Canada bill may have Google pay news outlets for their content; Google's response - news-less Search

Canada bill may force Google to pay news outlets when using their content; Google responds by testin
Tech companies, especially big ones such as Google and Apple, have been facing scrutiny and antitrust legislation from all around the world in the past few years. Mainly they're being accused of monopoly or of using their power and access to their advantage, stifling competition.

Today's case is about Google and Canada. Canada is working on a new bill dubbed the "Online News Act" or Bill C-18. If signed into law, it would require Google to pay publishers for using info from their content. And Google decides to test not showing any news to Canadians, reports 9to5Google.

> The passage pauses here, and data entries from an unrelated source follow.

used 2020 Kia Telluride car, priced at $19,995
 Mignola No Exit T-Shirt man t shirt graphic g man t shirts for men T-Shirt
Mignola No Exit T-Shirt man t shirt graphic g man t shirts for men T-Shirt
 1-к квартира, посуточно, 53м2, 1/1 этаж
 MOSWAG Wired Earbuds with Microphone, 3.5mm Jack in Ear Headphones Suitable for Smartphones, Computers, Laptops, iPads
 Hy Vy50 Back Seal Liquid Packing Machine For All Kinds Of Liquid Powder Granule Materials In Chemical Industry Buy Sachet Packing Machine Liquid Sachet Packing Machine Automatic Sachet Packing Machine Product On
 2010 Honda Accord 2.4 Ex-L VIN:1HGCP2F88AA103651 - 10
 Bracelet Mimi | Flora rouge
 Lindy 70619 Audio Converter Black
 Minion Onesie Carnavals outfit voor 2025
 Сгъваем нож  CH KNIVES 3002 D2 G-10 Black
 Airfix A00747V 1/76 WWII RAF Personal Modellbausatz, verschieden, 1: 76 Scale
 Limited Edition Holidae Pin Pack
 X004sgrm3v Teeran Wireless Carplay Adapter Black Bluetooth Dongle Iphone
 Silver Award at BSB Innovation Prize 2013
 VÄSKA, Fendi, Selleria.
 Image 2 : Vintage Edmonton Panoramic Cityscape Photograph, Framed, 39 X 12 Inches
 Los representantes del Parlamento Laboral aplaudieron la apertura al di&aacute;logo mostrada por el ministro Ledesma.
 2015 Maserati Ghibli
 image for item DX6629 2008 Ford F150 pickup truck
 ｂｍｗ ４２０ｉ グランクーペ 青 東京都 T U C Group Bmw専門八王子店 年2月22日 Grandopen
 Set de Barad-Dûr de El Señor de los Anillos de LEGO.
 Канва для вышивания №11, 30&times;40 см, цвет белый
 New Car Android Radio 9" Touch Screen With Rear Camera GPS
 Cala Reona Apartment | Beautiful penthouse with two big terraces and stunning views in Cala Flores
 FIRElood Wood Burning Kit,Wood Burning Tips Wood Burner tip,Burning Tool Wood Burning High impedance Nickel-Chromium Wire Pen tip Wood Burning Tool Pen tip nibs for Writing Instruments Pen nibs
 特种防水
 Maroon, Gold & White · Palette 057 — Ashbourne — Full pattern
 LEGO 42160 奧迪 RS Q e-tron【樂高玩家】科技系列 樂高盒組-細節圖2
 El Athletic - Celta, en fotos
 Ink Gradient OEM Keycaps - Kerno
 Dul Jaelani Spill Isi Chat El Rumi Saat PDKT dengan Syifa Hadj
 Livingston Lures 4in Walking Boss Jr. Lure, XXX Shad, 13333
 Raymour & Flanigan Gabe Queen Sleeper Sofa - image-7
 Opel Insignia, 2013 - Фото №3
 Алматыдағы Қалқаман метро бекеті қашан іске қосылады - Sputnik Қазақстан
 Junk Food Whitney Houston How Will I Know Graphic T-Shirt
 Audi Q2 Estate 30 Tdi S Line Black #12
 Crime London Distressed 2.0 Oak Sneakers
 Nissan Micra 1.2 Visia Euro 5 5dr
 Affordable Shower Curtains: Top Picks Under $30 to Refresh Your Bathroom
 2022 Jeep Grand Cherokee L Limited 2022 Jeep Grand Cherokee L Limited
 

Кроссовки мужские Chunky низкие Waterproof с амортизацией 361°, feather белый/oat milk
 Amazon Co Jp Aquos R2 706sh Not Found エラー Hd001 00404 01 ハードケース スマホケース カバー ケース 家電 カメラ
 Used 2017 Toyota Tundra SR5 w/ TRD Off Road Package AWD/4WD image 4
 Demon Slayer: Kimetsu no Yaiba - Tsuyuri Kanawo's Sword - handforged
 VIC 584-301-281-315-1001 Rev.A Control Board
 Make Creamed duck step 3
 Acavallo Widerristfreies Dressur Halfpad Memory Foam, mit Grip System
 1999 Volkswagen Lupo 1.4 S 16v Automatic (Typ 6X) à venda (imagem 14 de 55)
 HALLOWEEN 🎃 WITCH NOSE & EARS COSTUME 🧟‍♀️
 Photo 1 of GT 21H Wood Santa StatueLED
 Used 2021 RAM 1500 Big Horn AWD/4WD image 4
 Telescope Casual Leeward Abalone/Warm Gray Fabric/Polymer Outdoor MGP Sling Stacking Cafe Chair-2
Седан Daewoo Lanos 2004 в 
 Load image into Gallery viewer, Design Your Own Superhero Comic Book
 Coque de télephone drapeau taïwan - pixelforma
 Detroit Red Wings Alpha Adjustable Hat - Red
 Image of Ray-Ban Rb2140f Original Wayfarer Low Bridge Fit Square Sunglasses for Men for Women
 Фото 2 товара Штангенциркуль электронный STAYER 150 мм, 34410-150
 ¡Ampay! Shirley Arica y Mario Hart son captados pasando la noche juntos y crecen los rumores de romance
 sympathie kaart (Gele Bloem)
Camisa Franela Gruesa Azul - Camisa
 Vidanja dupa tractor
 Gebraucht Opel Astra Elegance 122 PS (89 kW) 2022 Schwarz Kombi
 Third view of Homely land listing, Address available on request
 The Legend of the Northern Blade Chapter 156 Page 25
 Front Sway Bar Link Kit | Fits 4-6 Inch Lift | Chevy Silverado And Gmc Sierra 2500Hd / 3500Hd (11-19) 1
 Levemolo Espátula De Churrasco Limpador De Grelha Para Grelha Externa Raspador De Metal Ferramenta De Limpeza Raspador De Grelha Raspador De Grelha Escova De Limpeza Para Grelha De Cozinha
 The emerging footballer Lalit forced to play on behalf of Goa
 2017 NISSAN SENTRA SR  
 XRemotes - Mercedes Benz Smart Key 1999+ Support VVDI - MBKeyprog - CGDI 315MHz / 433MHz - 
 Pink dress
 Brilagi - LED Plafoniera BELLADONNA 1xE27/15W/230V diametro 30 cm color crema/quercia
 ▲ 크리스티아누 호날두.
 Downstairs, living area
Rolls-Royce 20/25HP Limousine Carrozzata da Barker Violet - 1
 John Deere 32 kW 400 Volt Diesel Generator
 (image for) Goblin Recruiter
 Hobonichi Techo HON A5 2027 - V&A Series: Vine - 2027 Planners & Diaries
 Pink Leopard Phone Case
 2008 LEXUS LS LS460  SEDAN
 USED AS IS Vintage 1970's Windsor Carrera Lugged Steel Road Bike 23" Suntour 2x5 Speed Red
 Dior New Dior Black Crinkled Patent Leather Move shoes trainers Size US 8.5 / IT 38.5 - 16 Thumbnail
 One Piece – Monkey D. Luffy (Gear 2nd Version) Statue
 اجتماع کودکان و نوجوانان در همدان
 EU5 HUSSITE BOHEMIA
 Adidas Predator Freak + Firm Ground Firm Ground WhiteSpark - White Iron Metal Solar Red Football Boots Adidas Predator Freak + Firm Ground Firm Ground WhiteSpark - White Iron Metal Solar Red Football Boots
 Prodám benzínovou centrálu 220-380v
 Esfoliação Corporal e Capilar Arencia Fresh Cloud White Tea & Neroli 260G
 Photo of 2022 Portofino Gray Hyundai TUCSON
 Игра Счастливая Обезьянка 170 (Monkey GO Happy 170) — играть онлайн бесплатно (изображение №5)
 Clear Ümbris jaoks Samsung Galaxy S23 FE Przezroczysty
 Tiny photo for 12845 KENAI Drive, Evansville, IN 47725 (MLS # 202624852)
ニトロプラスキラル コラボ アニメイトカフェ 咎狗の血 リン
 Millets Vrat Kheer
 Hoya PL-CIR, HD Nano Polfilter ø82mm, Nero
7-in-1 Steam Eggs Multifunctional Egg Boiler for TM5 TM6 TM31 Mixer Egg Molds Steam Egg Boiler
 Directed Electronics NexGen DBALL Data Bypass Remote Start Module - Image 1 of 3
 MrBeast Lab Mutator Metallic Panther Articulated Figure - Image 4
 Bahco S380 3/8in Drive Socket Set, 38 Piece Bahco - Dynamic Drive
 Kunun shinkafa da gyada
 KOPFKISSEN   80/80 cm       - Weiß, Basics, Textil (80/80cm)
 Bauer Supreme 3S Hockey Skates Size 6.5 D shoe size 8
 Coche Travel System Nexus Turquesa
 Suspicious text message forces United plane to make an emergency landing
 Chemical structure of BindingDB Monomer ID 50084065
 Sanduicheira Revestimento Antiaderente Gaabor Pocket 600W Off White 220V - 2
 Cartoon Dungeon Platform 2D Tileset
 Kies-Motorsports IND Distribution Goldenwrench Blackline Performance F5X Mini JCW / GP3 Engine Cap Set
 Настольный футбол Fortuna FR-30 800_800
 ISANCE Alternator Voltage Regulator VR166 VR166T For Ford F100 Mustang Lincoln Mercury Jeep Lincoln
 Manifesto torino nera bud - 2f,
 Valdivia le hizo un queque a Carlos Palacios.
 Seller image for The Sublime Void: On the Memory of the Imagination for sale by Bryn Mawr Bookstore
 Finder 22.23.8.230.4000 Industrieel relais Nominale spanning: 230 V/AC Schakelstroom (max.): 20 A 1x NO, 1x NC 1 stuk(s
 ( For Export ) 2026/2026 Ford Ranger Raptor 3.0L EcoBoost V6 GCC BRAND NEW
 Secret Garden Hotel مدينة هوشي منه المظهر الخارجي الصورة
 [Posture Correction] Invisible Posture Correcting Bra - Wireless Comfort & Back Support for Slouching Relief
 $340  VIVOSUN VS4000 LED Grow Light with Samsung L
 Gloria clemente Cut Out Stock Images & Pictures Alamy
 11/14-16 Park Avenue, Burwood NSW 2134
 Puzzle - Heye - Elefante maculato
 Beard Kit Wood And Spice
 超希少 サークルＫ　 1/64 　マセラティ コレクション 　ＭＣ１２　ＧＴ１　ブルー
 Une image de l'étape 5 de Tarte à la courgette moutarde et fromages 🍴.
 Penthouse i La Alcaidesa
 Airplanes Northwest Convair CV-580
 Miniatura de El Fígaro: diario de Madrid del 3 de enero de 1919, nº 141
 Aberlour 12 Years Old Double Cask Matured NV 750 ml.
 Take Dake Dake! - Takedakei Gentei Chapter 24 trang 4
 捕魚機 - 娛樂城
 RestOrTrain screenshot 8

Google tests a complete block of news content in Search in Canada with a small percentage of users, as a response to Bill C-18

The "Online News Act" or Bill C-18 would require Google and other tech giants to make deals with news organizations in the country when their products (for our case here, we're talking about Search) use content from journalists or news outlets.

You know that when you search for something, Google uses "snippets" to give you the exact information, by taking text from a news publication. This way, you often get your answer even without going to the news website. Mainly this is what Bill C-18 is trying to compensate for.

Now, Google is performing a test for a small percentage of users, 4%, situated in Canada. The test blocks news content in Search. It will reportedly be live for five weeks and includes content by Canadian broadcasters and newspapers.

A Google spokesperson stated that the company is testing "potential product responses to Bill C-18" and expresses their concern that "C-18 is overly broad and, if unchanged, could impact products Canadians use and rely on every day".